**COLLECTED MATERIAL:**
-- -- --

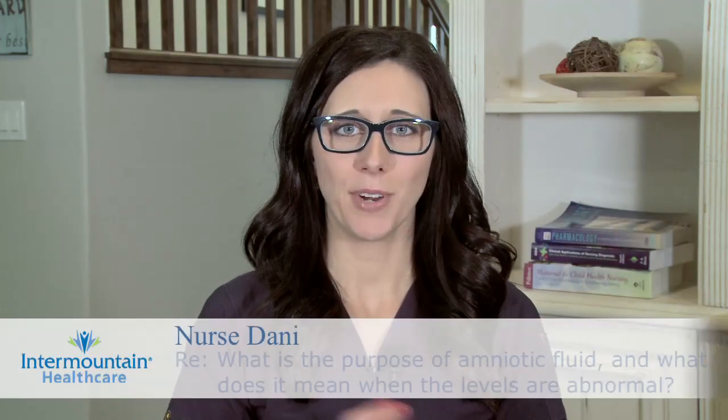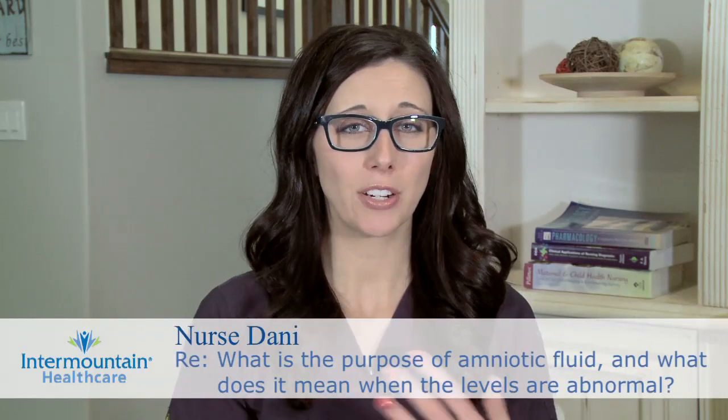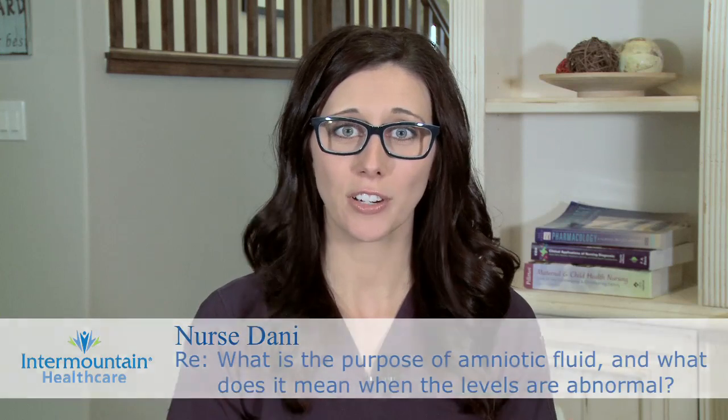Amniotic fluid is a very important part of pregnancy. It's fluid that surrounds the baby and it starts to be generated during the first few weeks of the pregnancy. It's largely generated by the baby itself and it serves a lot of different important functions.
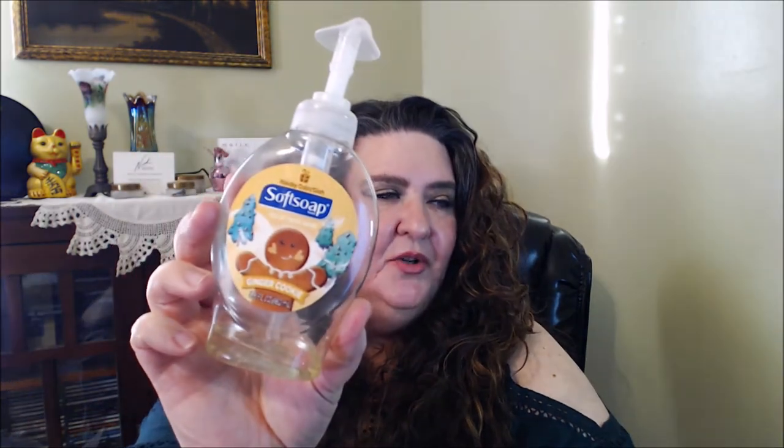I went through my Tarte Lights Camera Lashes mascara — I really liked this mascara. Towards the end, the wiper component that removes excess mascara was broken, which made it messier, but I'd been using it for a while so it was time to go. I also used my Softsoap Ginger Cookie hand wash — when this comes back around Christmas time I would definitely get that again, it smelled really nice.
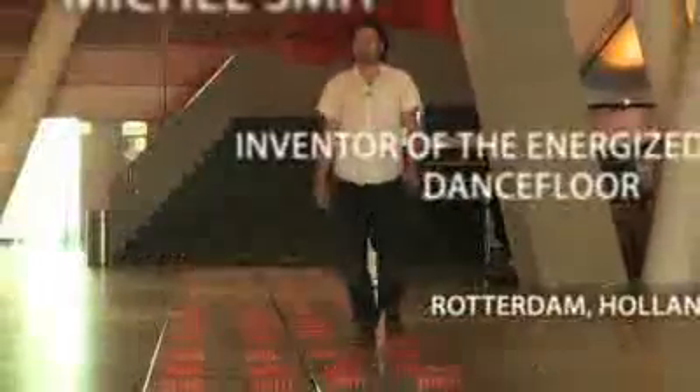Nischel Smit, inventor of the energized dance floor, Rotterdam, Holland. Our mission is to reach young people and try to seduce them to become sustainable. And if you want to seduce them, it has to be cool and it has to be exclusive.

-- -- --

**WORK ITEM:** Your answer must be the full listing, reproduced word for word, without its pictures.

**COMPLETED EXERCISE:**
Amniotic fluid is a very important part of pregnancy. It's fluid that surrounds the baby and it starts to be generated during the first few weeks of the pregnancy. It's largely generated by the baby itself and it serves a lot of different important functions.
I went through my Tarte Lights Camera Lashes mascara — I really liked this mascara. Towards the end, the wiper component that removes excess mascara was broken, which made it messier, but I'd been using it for a while so it was time to go. I also used my Softsoap Ginger Cookie hand wash — when this comes back around Christmas time I would definitely get that again, it smelled really nice.
Nischel Smit, inventor of the energized dance floor, Rotterdam, Holland. Our mission is to reach young people and try to seduce them to become sustainable. And if you want to seduce them, it has to be cool and it has to be exclusive.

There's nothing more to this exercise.